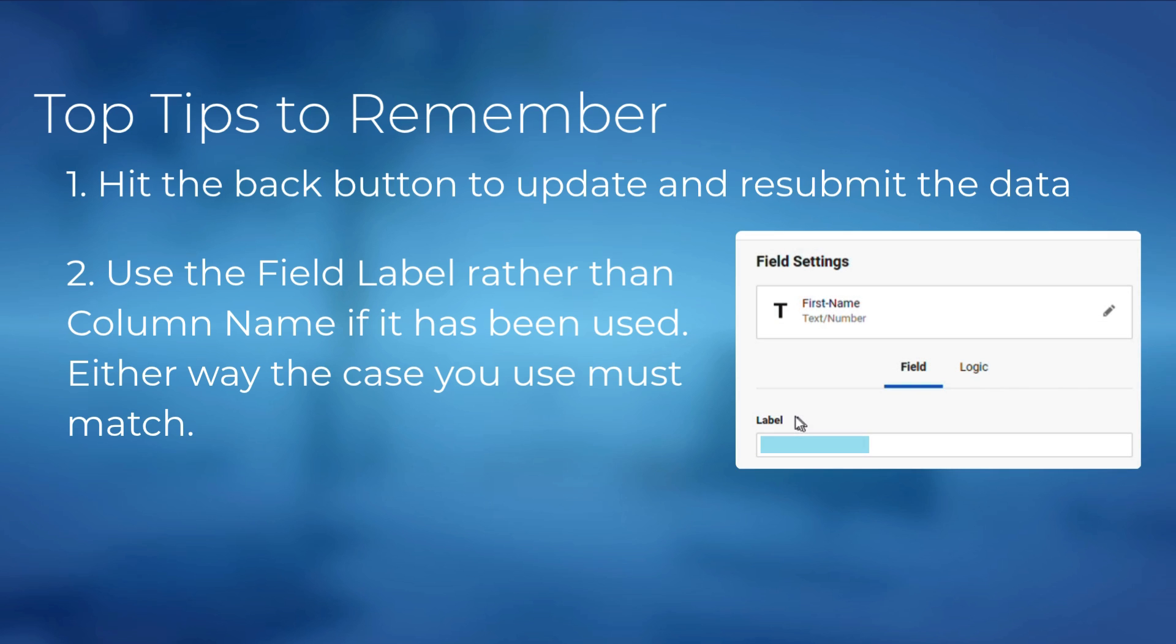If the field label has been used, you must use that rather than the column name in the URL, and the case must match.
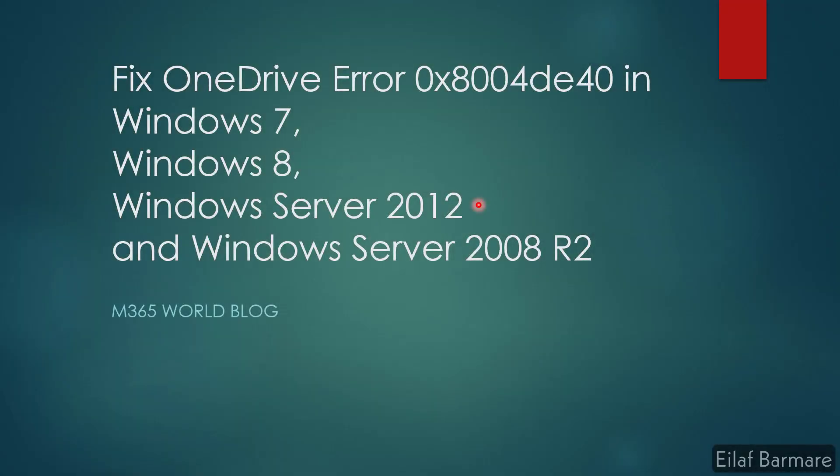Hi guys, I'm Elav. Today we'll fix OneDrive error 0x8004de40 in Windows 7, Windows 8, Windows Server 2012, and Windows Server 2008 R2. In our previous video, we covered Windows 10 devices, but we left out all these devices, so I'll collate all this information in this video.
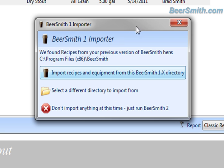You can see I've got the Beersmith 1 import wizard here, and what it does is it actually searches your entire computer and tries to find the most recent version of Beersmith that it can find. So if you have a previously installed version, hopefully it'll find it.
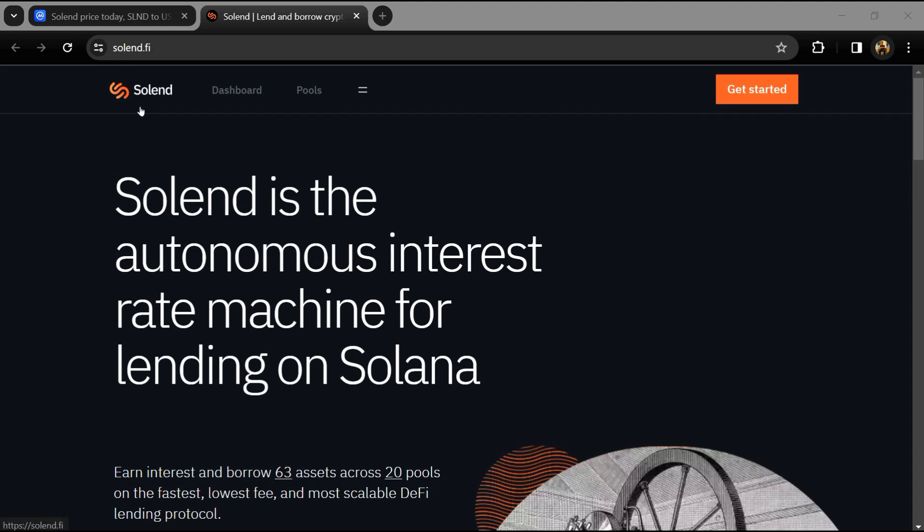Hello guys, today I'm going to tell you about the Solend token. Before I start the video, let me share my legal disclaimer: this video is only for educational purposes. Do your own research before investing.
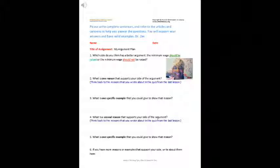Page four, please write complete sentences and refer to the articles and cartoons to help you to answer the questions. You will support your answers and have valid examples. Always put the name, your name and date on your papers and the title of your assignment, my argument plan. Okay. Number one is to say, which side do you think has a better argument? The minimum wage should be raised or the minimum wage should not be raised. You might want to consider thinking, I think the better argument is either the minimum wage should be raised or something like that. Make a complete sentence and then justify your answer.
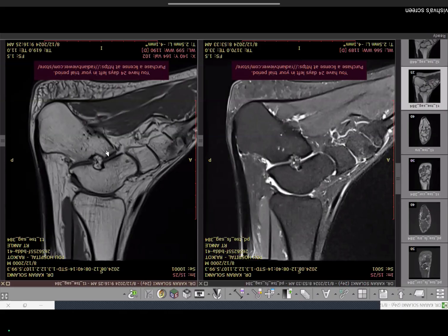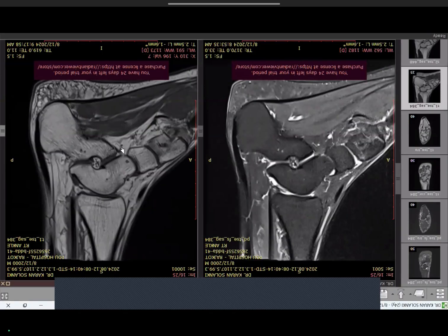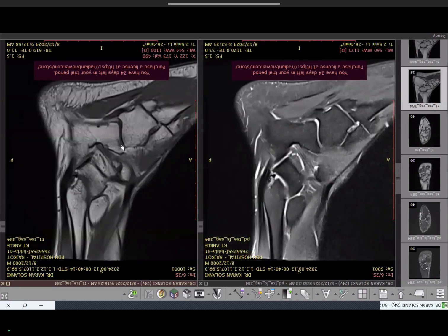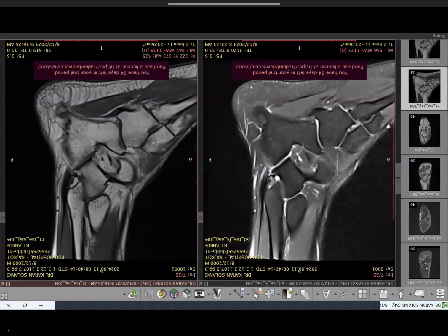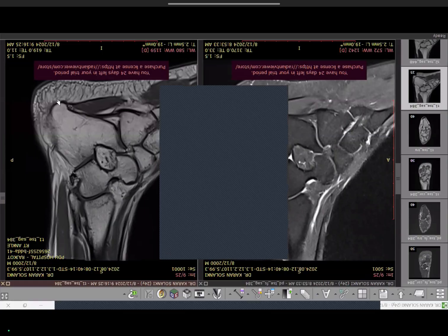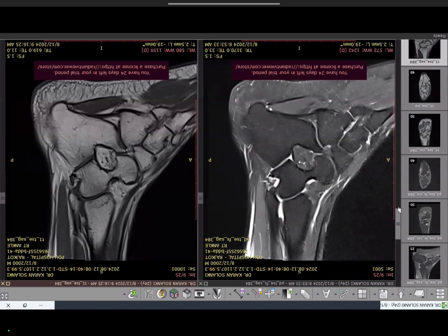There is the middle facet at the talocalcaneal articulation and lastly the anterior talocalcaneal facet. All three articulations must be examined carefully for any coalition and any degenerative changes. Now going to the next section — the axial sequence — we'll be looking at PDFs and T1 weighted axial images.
== == ==
Brief: Word-for-word repeat, images excluded: return all the data.

Response to this task:
If the field label has been used, you must use that rather than the column name in the URL, and the case must match.
Hi guys, I'm Elav. Today we'll fix OneDrive error 0x8004de40 in Windows 7, Windows 8, Windows Server 2012, and Windows Server 2008 R2. In our previous video, we covered Windows 10 devices, but we left out all these devices, so I'll collate all this information in this video.
You can see I've got the Beersmith 1 import wizard here, and what it does is it actually searches your entire computer and tries to find the most recent version of Beersmith that it can find. So if you have a previously installed version, hopefully it'll find it.
Hello guys, today I'm going to tell you about the Solend token. Before I start the video, let me share my legal disclaimer: this video is only for educational purposes. Do your own research before investing.
Page four, please write complete sentences and refer to the articles and cartoons to help you to answer the questions. You will support your answers and have valid examples. Always put the name, your name and date on your papers and the title of your assignment, my argument plan. Okay. Number one is to say, which side do you think has a better argument? The minimum wage should be raised or the minimum wage should not be raised. You might want to consider thinking, I think the better argument is either the minimum wage should be raised or something like that. Make a complete sentence and then justify your answer.
There is the middle facet at the talocalcaneal articulation and lastly the anterior talocalcaneal facet. All three articulations must be examined carefully for any coalition and any degenerative changes. Now going to the next section — the axial sequence — we'll be looking at PDFs and T1 weighted axial images.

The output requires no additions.